My other observation about the governor’s comments is that for the third year in a row, he avoided saying anything about the market dysfunction in commercial payments and pricing that exists in our state.  That sort of “radio silence” is certainly not consistent with the complaints he used to express about these issues when he was CEO of Harvard Pilgrim.  His silence is perhaps not surprising when you think about the powerful health care providers involved and the risks associated with taking on Partners Healthcare and Boston Children’s hospital and their doctors at a time when the governor is seeking reelection and advancing a health care legislative agenda focused primarily on finding Medicaid savings.

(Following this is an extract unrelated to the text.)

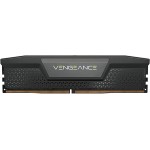 CORSAIR Vengeance 16GB RAM (1x16GB) DDR5 DRAM 5200MHz Memory Kit Black CMK16GX5M1B5200C40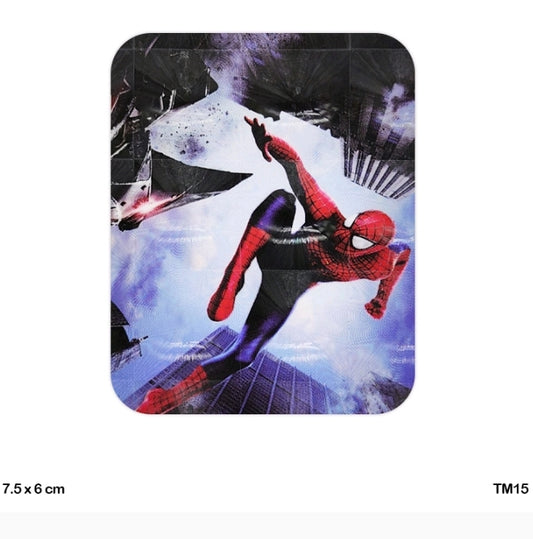 3D Printed Fridge Magnet Spider-Man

2. At an interesting moment at one of the first day’s panels, Massachusetts General Hospital CEO Peter Slavin told the commissioners that Partners HealthCare must earn a sufficient margin in its patient care mission in order to subsidize its other missions of research, teaching, and community benefit. This has been a common and consistent defense of Partner’s need to extract super-normal prices for its services from commercial insurers. At MGH, the commercial insurance operating margin last year was more than $466 million, with an overall operating margin of over $150 million, according to the hospital’s recent Health Policy Commission filing. We must remember that this latter profit figure comes after MGH has paid for teaching, research, and community benefit as described below, plus covering what are often referred to as Medicaid or Medicare shortfalls.

So, perhaps, a brief exploration of Slavin’s claim for a need for subsidies is in order.

On the need for a research subsidy to pay for what I estimate to be about $200 to $250 million of research expenses not covered by grants and contracts for Partners (MGH probably claims at least half of this subsidy), I refer the reader to my Commonwealth article from earlier this year. My sense is that there must be a better way to support additional unfunded research than our current regressive (call it reverse Robinhood) scheme using commercial insurance payments that only Partners, Dana-Farber, and Boston Children’s Hospital are able to exploit.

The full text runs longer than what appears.